WHAT IS REQUIRED: Write an exact copy of the entries below that leaves out all pictures.
** Opening SOURCE DATA block **
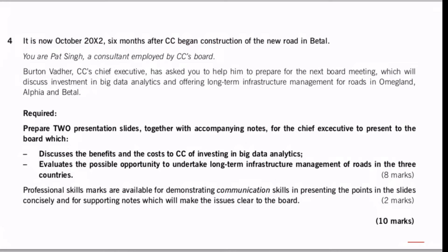Looking at the question in more detail, we can see that we're supposed to produce two slides with accompanying notes for the chief executive who's going to present to the board. It's a slightly convoluted requirement — you're giving notes to the chief executive, who then presents them to the board. There are two slides: the first uses the verb 'discuss' covering benefits and costs of investing in big data, and the second asks us to evaluate the possible opportunity of undertaking long-term infrastructure management of roads in the three countries. There are eight marks awarded with two professional skills marks for communication skills.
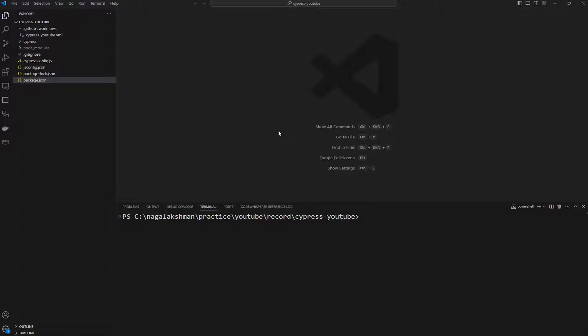Hey, welcome back. In this video we will see how to run our Cypress tests in GitLab CI and how we can record those Cypress tests that are executed in GitLab CI in Cypress Cloud also.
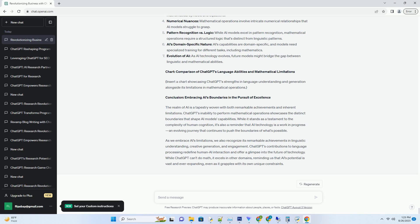which it uses to learn patterns, syntax, and semantics. This training equips ChatGPT with the ability to generate text that resembles human speech, engaging users in dynamic conversations. However, mathematical operations require a different set of algorithms and training. Traditional calculators and specialized software are built with mathematical operations at their core, enabling them to execute arithmetic and solve equations accurately.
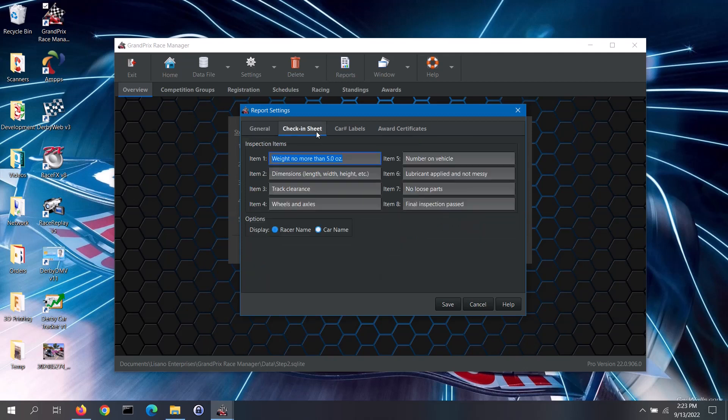On the Check-in Sheet tab, you can configure what is displayed on that particular report. The check-in sheet is meant to be a checklist for the major inspection items during your check-in inspection. The inspection items that are listed on the check-in sheet can be configured however you like. You can set up inspection items for your inspectors to check for.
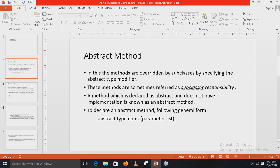When a superclass is unable to create a meaningful implementation for a method, you will want to ensure that some subclass does indeed override all necessary methods. Java provides the solution to this problem through the abstract method. Abstract methods are overridden by the subclasses by specifying the abstract type modifier. These methods are sometimes called subclass responsibilities, because there is no implementation in the superclass — it is the responsibility of the subclass to implement all the methods declared in the superclass. A method which is declared as abstract and does not have an implementation is known as an abstract method.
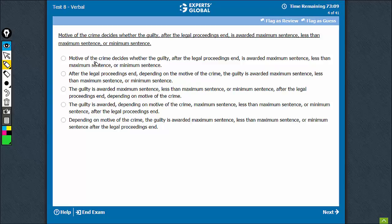The problem I see with option A is that motive is the subject of the sentence. But I cannot say that this is a deal breaker and the option must be eliminated. Let's look at other answer choices and see if there is a better answer choice.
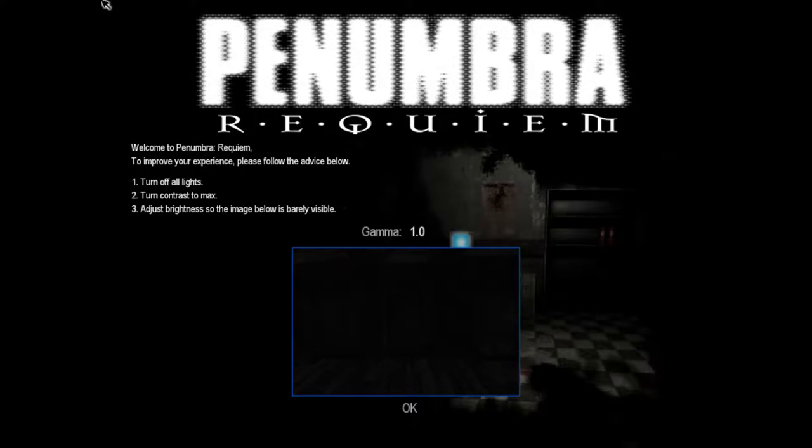Hello guys! Welcome back to a new Penumbra game, Requiem!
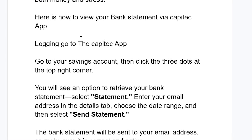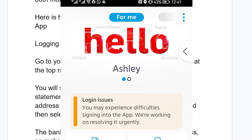The first step is logging into the Capitech app. If you don't have it, make sure to download it from the Play Store or App Store if you're using an iPhone. After logging in, go to your savings account and click the three dots at the top right corner.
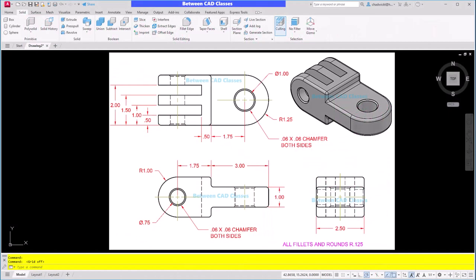Hey everyone, welcome to another video from BetweenCAD classes. This time we are creating a 3D model in AutoCAD. You can see the print in front of you of what I'm going to be working from. If you would like a copy of this print so that you can try this yourself, please take a look at the description of this video and you'll find a link for the image file. For this particular one I'll be creating some sketches and doing some extruding, adding some chamfers, and adding a lot of fillets. So let's get started.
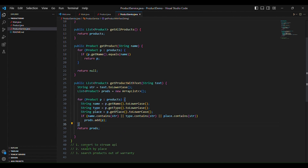So what is the first thing? Convert to Stream API. How are we going to do this? We are going to return a stream from products. We need to return a stream containing the text — the stream containing the text in type, name, and place. All three we need to return using stream.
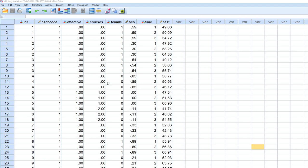Typically, data that is in long format is repeated measures data, and essentially you have a variable, one or more variables, where you have repeated measurements over time.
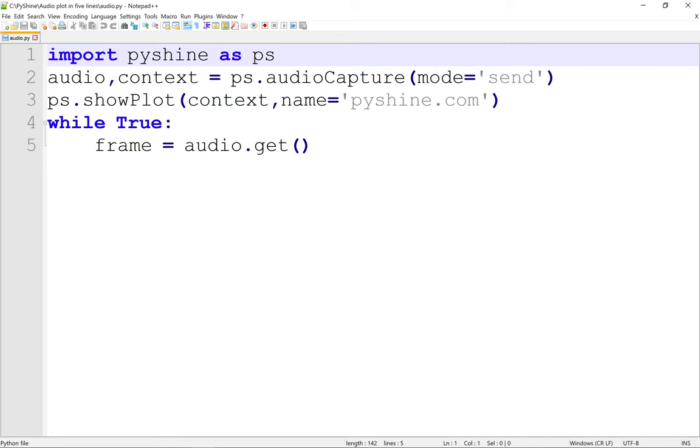Install the PyShine using PIP installer in Python 3 as shown. After that, with these five lines, we will have a live plot of the audio data coming from the microphone of computer.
** Closing SOURCE DATA block **
EXPECTED OUTPUT:
Looking at the question in more detail, we can see that we're supposed to produce two slides with accompanying notes for the chief executive who's going to present to the board. It's a slightly convoluted requirement — you're giving notes to the chief executive, who then presents them to the board. There are two slides: the first uses the verb 'discuss' covering benefits and costs of investing in big data, and the second asks us to evaluate the possible opportunity of undertaking long-term infrastructure management of roads in the three countries. There are eight marks awarded with two professional skills marks for communication skills.
Hey, welcome back. In this video we will see how to run our Cypress tests in GitLab CI and how we can record those Cypress tests that are executed in GitLab CI in Cypress Cloud also.
which it uses to learn patterns, syntax, and semantics. This training equips ChatGPT with the ability to generate text that resembles human speech, engaging users in dynamic conversations. However, mathematical operations require a different set of algorithms and training. Traditional calculators and specialized software are built with mathematical operations at their core, enabling them to execute arithmetic and solve equations accurately.
On the Check-in Sheet tab, you can configure what is displayed on that particular report. The check-in sheet is meant to be a checklist for the major inspection items during your check-in inspection. The inspection items that are listed on the check-in sheet can be configured however you like. You can set up inspection items for your inspectors to check for.
When a superclass is unable to create a meaningful implementation for a method, you will want to ensure that some subclass does indeed override all necessary methods. Java provides the solution to this problem through the abstract method. Abstract methods are overridden by the subclasses by specifying the abstract type modifier. These methods are sometimes called subclass responsibilities, because there is no implementation in the superclass — it is the responsibility of the subclass to implement all the methods declared in the superclass. A method which is declared as abstract and does not have an implementation is known as an abstract method.
The problem I see with option A is that motive is the subject of the sentence. But I cannot say that this is a deal breaker and the option must be eliminated. Let's look at other answer choices and see if there is a better answer choice.
Hello guys! Welcome back to a new Penumbra game, Requiem!
The first step is logging into the Capitech app. If you don't have it, make sure to download it from the Play Store or App Store if you're using an iPhone. After logging in, go to your savings account and click the three dots at the top right corner.
Hey everyone, welcome to another video from BetweenCAD classes. This time we are creating a 3D model in AutoCAD. You can see the print in front of you of what I'm going to be working from. If you would like a copy of this print so that you can try this yourself, please take a look at the description of this video and you'll find a link for the image file. For this particular one I'll be creating some sketches and doing some extruding, adding some chamfers, and adding a lot of fillets. So let's get started.
So what is the first thing? Convert to Stream API. How are we going to do this? We are going to return a stream from products. We need to return a stream containing the text — the stream containing the text in type, name, and place. All three we need to return using stream.
Typically, data that is in long format is repeated measures data, and essentially you have a variable, one or more variables, where you have repeated measurements over time.
Install the PyShine using PIP installer in Python 3 as shown. After that, with these five lines, we will have a live plot of the audio data coming from the microphone of computer.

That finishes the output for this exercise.